Uber agreed to settle two class-action lawsuits for up to $100 million in a deal that keeps its drivers classified as independent contractors, not employees. The deal includes drivers in California and Massachusetts who had claimed they were misclassified as independent contractors.
CEO and co-founder Travis Kalanick announced the settlement Thursday in a blog post .
Drivers will remain independent contractors and the ride-sharing company will pay $84 million to the plaintiffs. The plantiffs will receive a second payment of $16 million if Uber goes public and its valuation increases one and a half times from its December 2015 financing valuation within the first year of an IPO.
“Uber is a new way of working: it’s about people having the freedom to start and stop work when they want, at the push of a button,” Kalanick wrote in the blog post. “As we’ve grown we’ve gotten a lot right — but certainly not everything.”
The settlement calls for Uber to provide drivers with more information about their individual ratings and how they compare with their peers.
The company will also introduce a policy explaining the circumstances under which it deactivates drivers in these states from using the app. Drivers will not be subject to deactivation for low acceptance rates, and Uber will institute appeal panels, made up of highly rated drivers, for drivers who believe they have been unjustly terminated.
Additionally, a driver’s association will be created for both states. Uber will help fund these two associations and meet with them quarterly to discuss the drivers’ issues.
Drivers will be permitted to put signs in their cars stating that “tips are not included, they are not required, but they would be appreciated.”

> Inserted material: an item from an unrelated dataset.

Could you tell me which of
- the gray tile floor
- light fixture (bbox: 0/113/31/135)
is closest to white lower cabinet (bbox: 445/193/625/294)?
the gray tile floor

“We realize that some will be disappointed not to see this case go to trial in June,” Shannon Liss-Riordan, the attorney representing the drivers, said in a statement . “We were looking forward to this trial. But we believe the settlement we have been able to negotiate for Uber drivers throughout California and Massachusetts provides significant benefits — both monetary and non-monetary — that will improve the work lives of the drivers and justifies this compromise result (which will not result in the drivers being reclassified).”
The case covered about 350,000 drivers.
However, the Uber settlement still needs approval from the court. Recently, a $12.5 million settlement between rival ride-sharing firm Lyft  and drivers who claimed independent contractor misclassification was rejected by a judge.

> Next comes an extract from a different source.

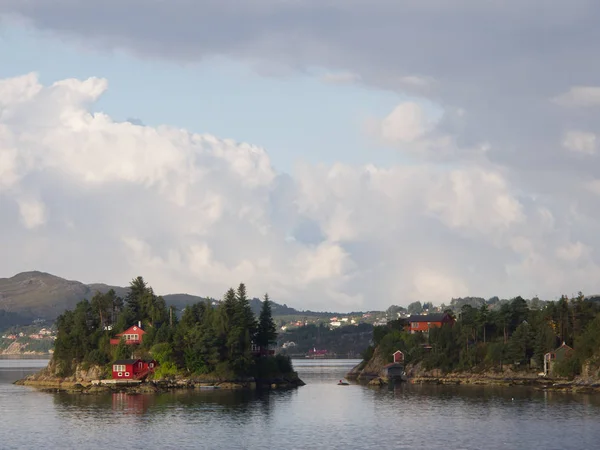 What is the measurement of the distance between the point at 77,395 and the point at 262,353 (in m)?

Separately, the Pennsylvania Public Utility Commission Thursday finalized more than $11 million in penalties against Uber Technologies Inc. and its Pennsylvania subsidiaries for operating without Commission authority from February to August 2014 and for failure to respond to discovery requests, resolving a formal complaint filed by the PUC’s independent Bureau of Investigation of Enforcement.
The civil penalty of $11,364,736 reduces a civil penalty of $49.9 million issued in an initial decision in November 2015.
Uber alleges this is by far the highest ever penalty issued by the Pennsylvania PUC, and that Lyft settled a case for the same issues for only $250,000.
“We are disappointed by today’s decision and shocked by the amount of the civil penalty, which is 45 times higher than the penalty paid by Uber’s competitor for the same activity,” an Uber spokesperson said in a statement. “As two commissioners confirmed today, there was no actual harm to Pennsylvanians, and the Commission subsequently approved the same operations. We look forward to making our case to the Commonwealth Court. In the meantime, we will continue to work in good faith with the Commission.”